Problem to solve:
Return, word for word, only the lines from the one containing "this 500×325 image." through the last line of the entries.

Data to use:

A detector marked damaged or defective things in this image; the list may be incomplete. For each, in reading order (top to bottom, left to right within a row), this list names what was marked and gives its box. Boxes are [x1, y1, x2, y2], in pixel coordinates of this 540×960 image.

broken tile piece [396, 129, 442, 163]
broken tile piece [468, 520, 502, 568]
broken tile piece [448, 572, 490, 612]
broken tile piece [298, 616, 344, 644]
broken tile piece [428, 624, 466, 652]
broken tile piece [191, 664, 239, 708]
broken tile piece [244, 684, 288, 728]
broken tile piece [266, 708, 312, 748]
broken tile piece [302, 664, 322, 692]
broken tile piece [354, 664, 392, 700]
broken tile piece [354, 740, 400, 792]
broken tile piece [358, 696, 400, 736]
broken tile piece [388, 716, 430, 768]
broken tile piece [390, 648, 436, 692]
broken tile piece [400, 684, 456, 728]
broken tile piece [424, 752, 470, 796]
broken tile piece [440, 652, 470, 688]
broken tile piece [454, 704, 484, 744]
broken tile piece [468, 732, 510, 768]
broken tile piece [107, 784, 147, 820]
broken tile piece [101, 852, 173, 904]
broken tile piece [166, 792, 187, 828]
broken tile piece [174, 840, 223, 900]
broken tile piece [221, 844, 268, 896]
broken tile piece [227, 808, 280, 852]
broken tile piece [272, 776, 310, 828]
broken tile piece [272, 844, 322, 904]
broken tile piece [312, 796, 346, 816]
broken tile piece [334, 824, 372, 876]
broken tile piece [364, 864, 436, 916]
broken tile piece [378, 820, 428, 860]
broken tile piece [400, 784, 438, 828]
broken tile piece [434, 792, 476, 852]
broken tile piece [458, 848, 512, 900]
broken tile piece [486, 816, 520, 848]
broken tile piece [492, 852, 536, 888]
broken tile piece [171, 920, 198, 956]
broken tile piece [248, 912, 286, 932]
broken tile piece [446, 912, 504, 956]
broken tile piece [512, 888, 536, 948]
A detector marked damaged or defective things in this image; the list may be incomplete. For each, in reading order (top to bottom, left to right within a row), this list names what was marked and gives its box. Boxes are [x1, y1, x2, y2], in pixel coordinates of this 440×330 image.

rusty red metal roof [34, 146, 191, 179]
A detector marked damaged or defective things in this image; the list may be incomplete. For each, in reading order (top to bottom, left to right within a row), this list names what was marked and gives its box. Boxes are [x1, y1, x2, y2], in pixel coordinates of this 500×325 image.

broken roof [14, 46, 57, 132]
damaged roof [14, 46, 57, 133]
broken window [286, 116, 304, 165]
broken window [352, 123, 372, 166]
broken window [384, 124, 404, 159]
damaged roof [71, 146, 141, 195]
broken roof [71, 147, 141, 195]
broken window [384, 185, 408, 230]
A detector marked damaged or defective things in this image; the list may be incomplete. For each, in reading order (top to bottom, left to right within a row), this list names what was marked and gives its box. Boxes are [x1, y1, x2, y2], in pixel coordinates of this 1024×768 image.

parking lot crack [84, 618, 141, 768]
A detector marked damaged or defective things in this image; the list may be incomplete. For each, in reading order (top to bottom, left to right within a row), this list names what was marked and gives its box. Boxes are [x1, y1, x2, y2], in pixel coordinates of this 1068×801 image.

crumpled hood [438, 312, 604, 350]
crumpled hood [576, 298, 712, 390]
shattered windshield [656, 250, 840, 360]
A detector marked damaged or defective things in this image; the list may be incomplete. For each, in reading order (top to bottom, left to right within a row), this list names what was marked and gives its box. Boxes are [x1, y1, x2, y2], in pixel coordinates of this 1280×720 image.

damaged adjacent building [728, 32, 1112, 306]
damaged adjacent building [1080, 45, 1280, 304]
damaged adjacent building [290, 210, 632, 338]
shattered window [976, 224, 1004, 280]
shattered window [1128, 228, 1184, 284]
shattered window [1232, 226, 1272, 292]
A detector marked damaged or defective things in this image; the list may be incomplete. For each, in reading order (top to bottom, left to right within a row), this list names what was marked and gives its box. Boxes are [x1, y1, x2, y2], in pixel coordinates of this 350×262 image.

Answer area:
A detector marked damaged or defective things in this image; the list may be incomplete. For each, in reading order (top to bottom, left to right within a row), this list names what was marked and gives its box. Boxes are [x1, y1, x2, y2], in pixel coordinates of this 500×325 image.

broken roof [14, 46, 57, 132]
damaged roof [14, 46, 57, 133]
broken window [286, 116, 304, 165]
broken window [352, 123, 372, 166]
broken window [384, 124, 404, 159]
damaged roof [71, 146, 141, 195]
broken roof [71, 147, 141, 195]
broken window [384, 185, 408, 230]
A detector marked damaged or defective things in this image; the list may be incomplete. For each, in reading order (top to bottom, left to right within a row), this list names what was marked and gives its box. Boxes are [x1, y1, x2, y2], in pixel coordinates of this 1024×768 image.

parking lot crack [84, 618, 141, 768]
A detector marked damaged or defective things in this image; the list may be incomplete. For each, in reading order (top to bottom, left to right within a row), this list names what was marked and gives its box. Boxes are [x1, y1, x2, y2], in pixel coordinates of this 1068×801 image.

crumpled hood [438, 312, 604, 350]
crumpled hood [576, 298, 712, 390]
shattered windshield [656, 250, 840, 360]
A detector marked damaged or defective things in this image; the list may be incomplete. For each, in reading order (top to bottom, left to right within a row), this list names what was marked and gives its box. Boxes are [x1, y1, x2, y2], in pixel coordinates of this 1280×720 image.

damaged adjacent building [728, 32, 1112, 306]
damaged adjacent building [1080, 45, 1280, 304]
damaged adjacent building [290, 210, 632, 338]
shattered window [976, 224, 1004, 280]
shattered window [1128, 228, 1184, 284]
shattered window [1232, 226, 1272, 292]
A detector marked damaged or defective things in this image; the list may be incomplete. For each, in reading order (top to bottom, left to right within a row), this list names what was marked and gives its box. Boxes are [x1, y1, x2, y2], in pixel coordinates of this 350×262 image.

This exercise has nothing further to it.